Alabama is one of the states that preempt local authority to build broadband infrastructure, requiring a referendum and imposing limitations on the business plan for community-owned networks that it does not do for privately owned networks.
The local newspaper has a Q&A to answer questions about the project.
Expected cost is in the neighborhood of $33 million and will be funded with revenue bonds if citizens approve the project.

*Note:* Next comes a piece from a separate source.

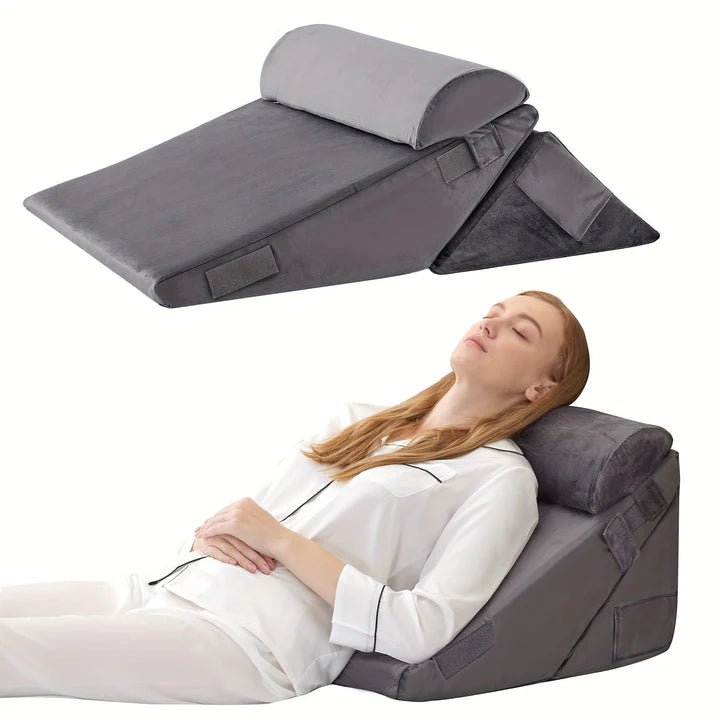 Reclining adjustable wedge pillow for back & leg elevation, ensuring ergonomic support & comfort.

Opelika Power and Light already has a fiber ring that will be used in the project if they move forward (the project could start offering services as early as Fall 2012).
From a distance, it appears that details are not yet worked out (and why would they be -- until they have the authority conferred by a successful referendum, they would not complete any agreements), but the private company Knology will likely provide some of the services on the network built by Opelika.
The local editorial board endorsed the plan.
“Shall the City of Opelika, Alabama, be authorized to acquire, establish, purchase, construct, maintain, lease and operate a cable television system for the purpose of furnishing cable service to subscribers?”
That’s what the ballot will read in Opelika on Aug. 10.
And the answer: absolutely yes.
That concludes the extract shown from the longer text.